> [DATA FOR ANALYSIS]
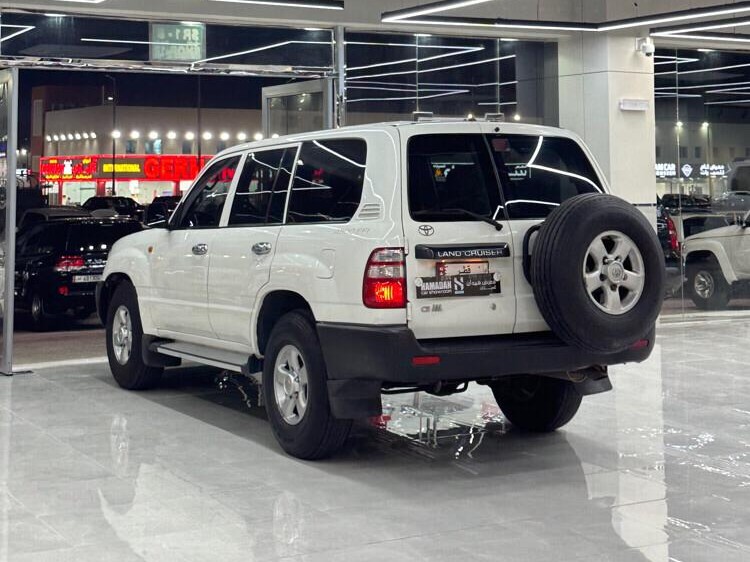 Toyota Land Cruiser G standard 2004 - Image 3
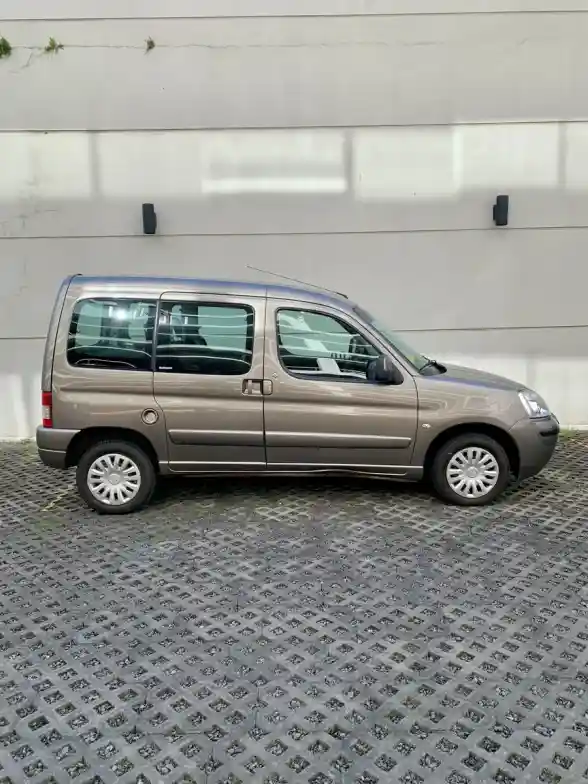 Citroën Berlingo Multispace 1.6 Sx Am51 2010 - foto 4
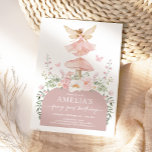 Convite Fada de Fada de Fada Rosa Mudada, Primeiro primeir<br><div class="desc">Este convite encantador apresenta uma fada encantadora que se coloca graciosamente sobre um cogumelo rosa,  rodeado por flores luxuosas e delicadas e verde. O esquema de cor suave de rosa e branco cria uma atmosfera cômica e sonhadora,  perfeita para o dia especial do seu bebê.</div>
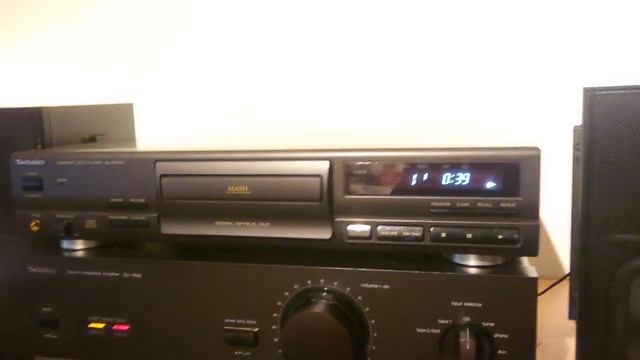 Technics SL-PG490 Compact Disc Player смотреть онлайн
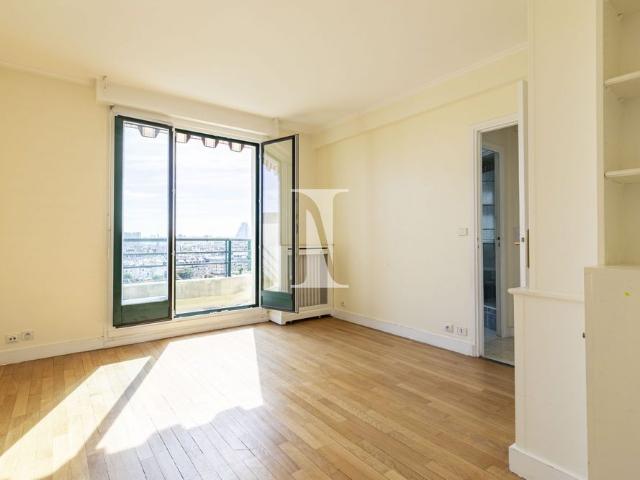 Location Appartement 3 pièces 113m² PARIS 16ème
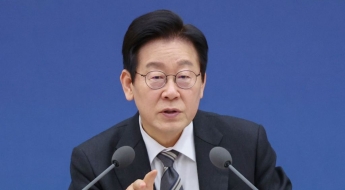 [폴폴뉴스]李대통령 국정 지지율 54.3%…지난주보다 0.6%p ↓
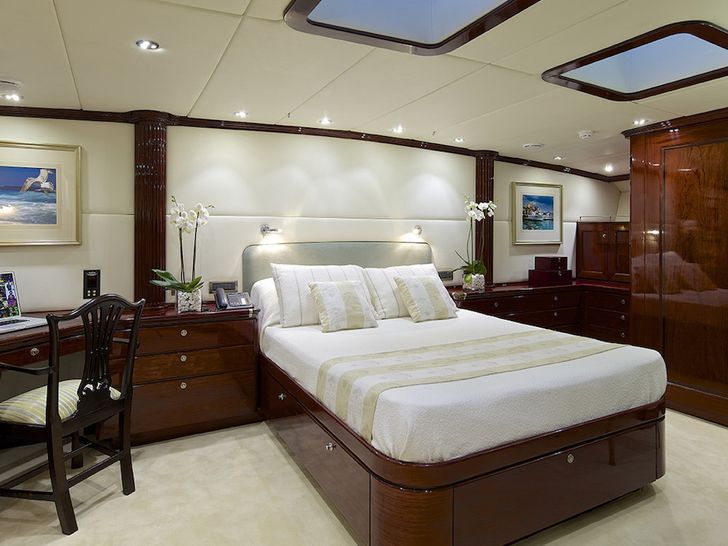 ALLURE - Sterling Yachts 133 ALLURE - Sterling Yachts 133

> [WHAT TO PRODUCE] Print exactly what appears from the first line of the listing above down to the line containing "Citroën Berlingo Multispace", inclusive, and leave out all pictures.

> [RESPONSE]
 Toyota Land Cruiser G standard 2004 - Image 3
 Citroën Berlingo Multispace 1.6 Sx Am51 2010 - foto 4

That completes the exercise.